What Convolutional Neural Networks See

NVIDIA DLI Deep Learning Introductory Training | Three special sessions! !

April 28th/May 19th/May 26th One- 640?wx_fmt=jpeg day intensive study to get you started quickly Read more >


The text consists of 1859 words, 2 pictures, and the estimated reading time is 5 minutes.


This is one of many convolutional neural network visualization methods. The method comes from the paper "Learning Deep Features for Discriminative Localization", and the translation of the paper is [translation]Learning Deep Features for Discriminative Localization.

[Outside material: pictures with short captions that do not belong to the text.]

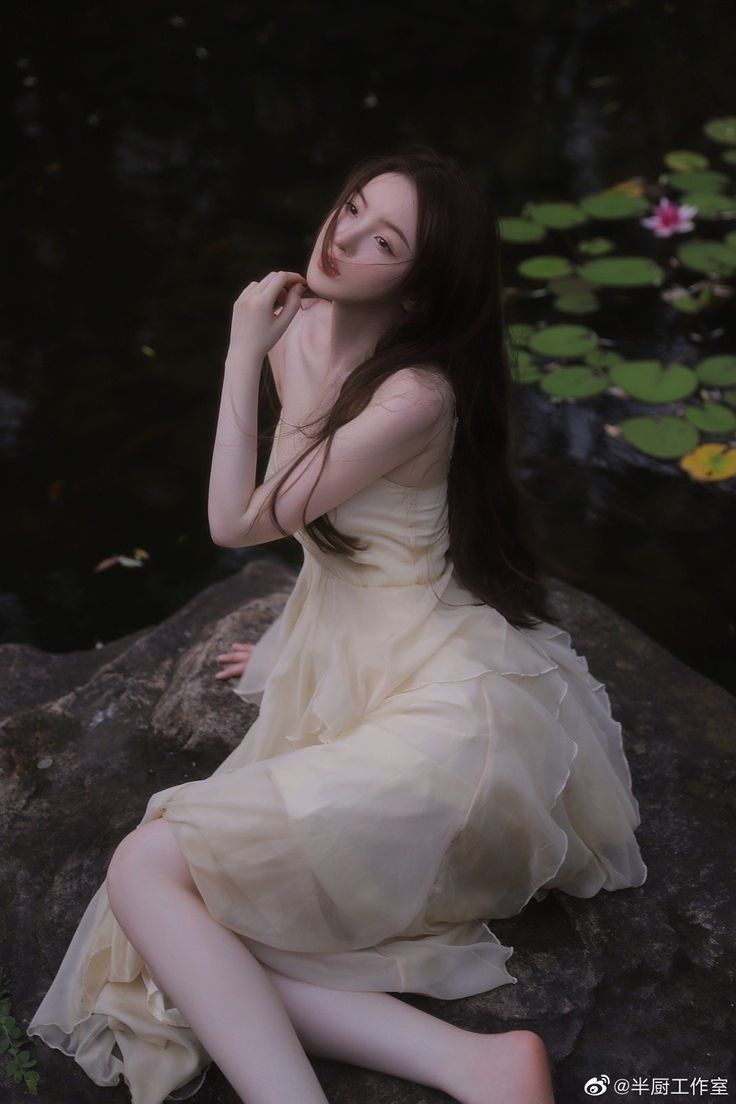 a woman sitting on top of a rock next to a body of water with lily pads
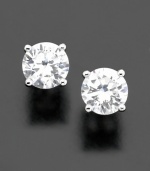 Beautiful round-cut cubic zirconia  (1 ct. t.w.) is the perfect accent to any outfit.  Earrings set in sterling silver and finished in platinum, by CRISLU.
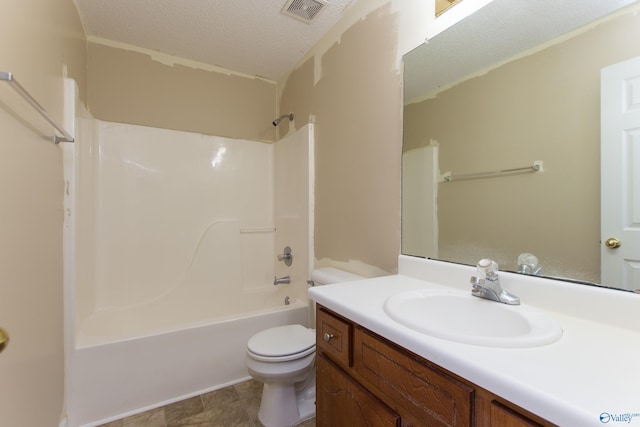 143 Laredo Cir, Huntsville, AL 35811 - bathroom with toilet, vanity, a textured ceiling, and bathing tub / shower combination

The core idea of ​​this article is to propose a method called Class Activation Mapping (Class Activation Mapping), which can visualize what CNN "sees" during classification. Its principle is: the convolutional layer of CNN contains a lot of position information, which makes it have good positioning ability, but the fully connected layer makes this ability lost, if only the last fully connected layer for classification (specially softmax) is kept. , replace the remaining fully connected layers with the Global Average Pooling layer, you can retain this positioning ability, multiply the weight of each unit of the last softmax layer with the output of the last convolutional layer (for the weighted sum), draw a thermal image, and the result is a class activation map.


For example, suppose that the shape of the image after the last convolutional layer is (14, 14, 512), the first dimension and the second dimension represent the width and height, the third dimension represents the depth of the convolution layer, and the shape of the softmax layer is (512, 10), The first dimension represents the number of units, and the second dimension represents the number of classifications. To get the class activation map of a certain class, multiply the matrix through the last convolutional layer by the matrix of a certain class of sotfmax, that is, the matrix multiplication of (14, 14, 512). Taking the matrix of (512,1), the matrix of (14,14,1) is obtained, which is the class activation map of that class. The following is the class activation map:


640?wx_fmt=png

Driver's driving state classification


It is mentioned in the paper that the higher the resolution of the output of the last convolutional layer, the stronger the localization ability, and the better the CAM image obtained. The corresponding processing method is not only to cut off the fully connected layer, but also to cut off some convolutional layers, so that the resolution is controlled at about 14. The following is the picture in the paper. The biggest difference from the above picture is that it has red color. The reason may be a resolution problem, or it may simply be a color representation problem. Further experiments are needed to determine it, but it does not affect the visualization. The classification accuracy rate is also above 90%. .


640?wx_fmt=png

dog classification


In fact, it is natural to have a question here: if so many layers are cut off, will the accuracy rate be reduced?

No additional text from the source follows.